Aussi, Ali Bongo a révisé la Constitution dans le sens de s’arroger les pleins pouvoirs pour réaliser les visées de sa grandeurs. Cette appropriation du pouvoir intégral couplée à une pratique politique se reposant sur l’esprit du clan n’est, évidemment, pas synonyme d’épanouissement démocratique. En concentrant tous les leviers des sphères économiques à la présidence de la République, Ali Bongo a réduit le gouvernement au rôle d’intendance. Et cette concentration des pouvoir de l’exécutif va générer une plus grande opacité de la gestion du pays. Les risques de dérapage sont grands. Nous apprenons par exemple que très prochainement une centrale nucléaire sera installée au Gabon. Aucun débat n’a été fait sur ce choix. De fait aucune mesure de protection civile des populations ne sera prise. En vue de son prestige, Ali Bongo vient de dépenser cents millions d’euros pour s’acheter un hôtelier particulier en France aux frais de l’État Gabonais. Quand on sait que les populations croupissent dans la misère et que les universités et grandes écoles du Gabon n’ont pas de bibliothèque on ne peut que s’interroger sur la pertinence de cet achat par rapport aux priorités du développement du Gabon. Il y a comme cela plusieurs autres exemples de gaspillage des ressources financières de l’État. Outre ces gaspillages, il y a la question du mérite de ces projets pour le Gabon qui sont de l’ordre de l’utopie que d’un projet fondé sur le vécu réel des Gabonais. Ayant concentré tous les pouvoirs entre ses mains, personne ne lui posera des questions ou ne remettra en cause ses folies de grandeurs insensés.

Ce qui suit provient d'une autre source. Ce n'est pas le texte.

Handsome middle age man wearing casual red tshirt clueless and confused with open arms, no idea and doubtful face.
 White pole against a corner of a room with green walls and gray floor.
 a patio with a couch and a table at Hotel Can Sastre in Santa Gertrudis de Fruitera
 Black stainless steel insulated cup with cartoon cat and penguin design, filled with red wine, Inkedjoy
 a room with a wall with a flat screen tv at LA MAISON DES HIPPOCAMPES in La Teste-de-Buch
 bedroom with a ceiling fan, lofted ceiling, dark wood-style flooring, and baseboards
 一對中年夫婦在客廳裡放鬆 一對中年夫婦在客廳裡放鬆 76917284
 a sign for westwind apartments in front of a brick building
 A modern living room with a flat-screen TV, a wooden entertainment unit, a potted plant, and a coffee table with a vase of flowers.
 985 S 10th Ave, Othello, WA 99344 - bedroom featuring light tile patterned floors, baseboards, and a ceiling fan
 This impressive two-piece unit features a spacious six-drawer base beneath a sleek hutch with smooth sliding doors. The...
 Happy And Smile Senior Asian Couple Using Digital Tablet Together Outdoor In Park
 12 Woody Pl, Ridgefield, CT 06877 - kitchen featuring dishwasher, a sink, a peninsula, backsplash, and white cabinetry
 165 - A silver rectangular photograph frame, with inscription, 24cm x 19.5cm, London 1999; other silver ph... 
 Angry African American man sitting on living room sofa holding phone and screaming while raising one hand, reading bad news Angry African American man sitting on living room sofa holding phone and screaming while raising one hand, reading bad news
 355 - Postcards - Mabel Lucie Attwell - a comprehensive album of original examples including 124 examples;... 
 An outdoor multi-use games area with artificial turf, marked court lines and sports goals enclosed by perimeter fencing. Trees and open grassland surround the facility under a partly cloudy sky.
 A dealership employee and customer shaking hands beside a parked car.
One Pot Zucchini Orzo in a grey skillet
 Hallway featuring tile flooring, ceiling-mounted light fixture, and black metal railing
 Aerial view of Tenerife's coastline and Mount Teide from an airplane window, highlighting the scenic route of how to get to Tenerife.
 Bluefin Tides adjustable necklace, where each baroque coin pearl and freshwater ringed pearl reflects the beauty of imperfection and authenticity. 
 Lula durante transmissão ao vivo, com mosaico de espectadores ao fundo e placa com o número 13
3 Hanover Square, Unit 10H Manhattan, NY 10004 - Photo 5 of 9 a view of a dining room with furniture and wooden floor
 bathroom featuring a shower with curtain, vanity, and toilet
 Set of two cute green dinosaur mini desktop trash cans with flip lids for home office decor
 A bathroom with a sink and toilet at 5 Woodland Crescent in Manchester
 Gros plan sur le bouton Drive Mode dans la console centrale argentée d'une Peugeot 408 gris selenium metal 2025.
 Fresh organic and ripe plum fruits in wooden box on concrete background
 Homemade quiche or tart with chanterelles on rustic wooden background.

La quête du pouvoir absolu d’Ali Bongo n’est pas une fleur du bien pour le développement du Gabon. C’est l’émergence des fleurs du mal. Il s’agit d’une recherche de domination prédatrice. L’ombre de la violence ou de la force brutale est présente à l’arrière-plan de tous ses actes. Il a compris que la principale faiblesse de la force brute est son absolu manque de souplesse: elle ne peut servir qu’à punir, d’où un pouvoir de basse qualité. Par contre, la richesse est un bien meilleur instrument, c’est-à-dire, un pouvoir de qualité supérieur, car elle permet à la fois de récompenser quelqu’un ou de le punir en lui coupant tous les vivres. La possession et la gestion de toutes les richesses du pays vise à se doter d’instrument pour d’édicter à chacun et à tous la conduite à tenir par rapport à la quête de sa propre magnificence : l’émergence de sa personne. Cela est un crime contre le Gabon.

Conclusion

Rappelons que nous cherchions à savoir ce qu’est un pouvoir absolu et voir en quoi il conduit dans le cas du Gabon à la nécessairement ruine de l’État. Nous savons que le pouvoir absolu s’exerce à partir de la concentration directe ou indirecte des pouvoirs de l’État. Son exercice se fait par autoritarisme ou totalitarisme. Il entraîne une forme d’absolutisme politique qui exclut tout contrôle du gouvernant dans la gestion du pays. Cette absence de contrôle entraîne des excès. Léon Mba a assujetti le pays aux intérêts de la France. Nous en payons un lourd tribut. Omar Bongo a instauré un système politique qui a asservi le pays pour son seul prestige. Ali Bongo dans sa République de l’utopie nous amène vers une Rénovation bis sous le nom d’émergence. Il engage des projets et des dépenses qui ne reposent pas sur les besoins essentiels des Gabonais. Sa volonté du pouvoir absolu place le pays dans une situation de crise politique qui fait craindre le pire et retarde le développement de la Nation. Le pouvoir absolu, sous le couvert de développer le Gabon entraine des choix économiques et politiques qui sont contre productifs pour le Gabon. En cela, compte tenu du mal causé par ces choix, le développement par la forfaiture politique est un crime contre le Gabon.